The prospect of joint agreements, increased investments, greater participation in tourism and travel, expansion of trade and economic relations and defence ties within the framework of the Sri Lankan government’s plan, will be high on the agenda of the President’s visit to Russia.
During this visit, SL and Russia are preparing to sign several agreements, including in the spheres of Fisheries, Tourism and Defence Cooperation.
The new govt of Sri Lanka from the very first day started implementing the policy of friendly and mutually effective cooperation in regard to other countries. Considering that Russia is one of the major allies of Sri Lanka on the global arena, the new Govt focused on strengthening of existing relationships and exploring new fields to establish direct cooperation.

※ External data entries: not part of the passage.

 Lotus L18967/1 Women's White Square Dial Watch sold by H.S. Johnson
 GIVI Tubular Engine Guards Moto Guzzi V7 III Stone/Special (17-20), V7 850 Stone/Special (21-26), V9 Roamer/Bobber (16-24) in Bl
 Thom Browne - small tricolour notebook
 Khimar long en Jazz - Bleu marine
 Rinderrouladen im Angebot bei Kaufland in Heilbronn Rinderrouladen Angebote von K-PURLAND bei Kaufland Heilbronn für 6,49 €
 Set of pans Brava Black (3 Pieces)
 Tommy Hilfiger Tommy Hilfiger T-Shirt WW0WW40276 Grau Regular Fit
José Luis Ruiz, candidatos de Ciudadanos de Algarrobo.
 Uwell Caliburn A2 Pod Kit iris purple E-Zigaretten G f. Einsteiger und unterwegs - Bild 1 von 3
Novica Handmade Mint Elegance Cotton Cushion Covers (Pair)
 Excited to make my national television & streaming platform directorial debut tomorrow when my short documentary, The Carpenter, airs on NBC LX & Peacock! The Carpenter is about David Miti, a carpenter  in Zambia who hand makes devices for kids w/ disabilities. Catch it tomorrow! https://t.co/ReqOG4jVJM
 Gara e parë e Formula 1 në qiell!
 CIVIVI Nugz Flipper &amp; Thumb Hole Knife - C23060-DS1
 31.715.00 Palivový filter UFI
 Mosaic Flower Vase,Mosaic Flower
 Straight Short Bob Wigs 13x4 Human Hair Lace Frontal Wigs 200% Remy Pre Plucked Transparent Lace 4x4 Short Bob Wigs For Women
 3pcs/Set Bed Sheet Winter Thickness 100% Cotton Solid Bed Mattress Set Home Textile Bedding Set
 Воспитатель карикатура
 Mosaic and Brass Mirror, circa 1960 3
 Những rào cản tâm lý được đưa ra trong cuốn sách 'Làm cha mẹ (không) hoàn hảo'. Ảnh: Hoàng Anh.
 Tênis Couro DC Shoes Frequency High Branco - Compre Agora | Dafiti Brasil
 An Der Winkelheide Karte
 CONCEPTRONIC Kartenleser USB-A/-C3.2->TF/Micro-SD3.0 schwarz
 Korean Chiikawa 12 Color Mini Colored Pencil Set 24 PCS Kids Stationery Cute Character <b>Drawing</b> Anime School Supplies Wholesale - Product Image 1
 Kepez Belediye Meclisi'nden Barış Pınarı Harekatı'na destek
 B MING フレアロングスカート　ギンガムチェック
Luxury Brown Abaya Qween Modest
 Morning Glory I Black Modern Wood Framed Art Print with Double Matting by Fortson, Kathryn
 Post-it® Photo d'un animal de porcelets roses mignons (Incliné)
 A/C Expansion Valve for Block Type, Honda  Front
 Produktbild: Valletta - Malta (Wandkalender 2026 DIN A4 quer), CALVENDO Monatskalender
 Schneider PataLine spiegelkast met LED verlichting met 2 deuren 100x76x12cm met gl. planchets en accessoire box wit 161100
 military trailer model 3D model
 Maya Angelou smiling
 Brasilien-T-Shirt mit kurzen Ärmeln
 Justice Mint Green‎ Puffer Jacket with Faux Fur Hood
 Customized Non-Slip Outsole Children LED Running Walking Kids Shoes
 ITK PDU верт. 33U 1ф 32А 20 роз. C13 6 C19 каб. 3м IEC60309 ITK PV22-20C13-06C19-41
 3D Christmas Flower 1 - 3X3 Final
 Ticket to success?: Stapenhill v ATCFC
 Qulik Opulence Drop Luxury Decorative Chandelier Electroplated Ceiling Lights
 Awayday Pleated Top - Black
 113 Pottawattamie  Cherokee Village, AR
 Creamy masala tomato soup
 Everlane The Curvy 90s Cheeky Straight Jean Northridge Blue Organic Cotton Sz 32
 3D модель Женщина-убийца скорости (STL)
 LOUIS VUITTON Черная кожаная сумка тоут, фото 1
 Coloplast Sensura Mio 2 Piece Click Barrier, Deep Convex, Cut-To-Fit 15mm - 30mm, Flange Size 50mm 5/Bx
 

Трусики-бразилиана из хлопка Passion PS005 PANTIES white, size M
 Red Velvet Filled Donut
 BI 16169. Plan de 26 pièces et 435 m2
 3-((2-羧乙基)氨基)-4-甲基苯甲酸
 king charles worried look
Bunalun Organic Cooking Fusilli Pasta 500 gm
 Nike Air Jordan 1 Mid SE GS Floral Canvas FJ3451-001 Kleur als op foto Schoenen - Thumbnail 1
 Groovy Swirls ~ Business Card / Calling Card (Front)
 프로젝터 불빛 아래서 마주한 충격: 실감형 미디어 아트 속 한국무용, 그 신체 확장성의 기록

Last year, President Maithripala Sirisena met with the President of the Russian Federation Vladimir Putin for the first time at the BRICS Summit 2016 held in Goa, India, and after their first meeting the Presidential Secretariat received an official invitation for President Sirisena to visit Russia in 2017. This visit is the milestone of bilateral relationships between SL and Russia, and I am certain that immediately after this memorable occasion both countries would urge each other, now more than ever, to diversify bilateral ties and strengthen the already-existing cooperation.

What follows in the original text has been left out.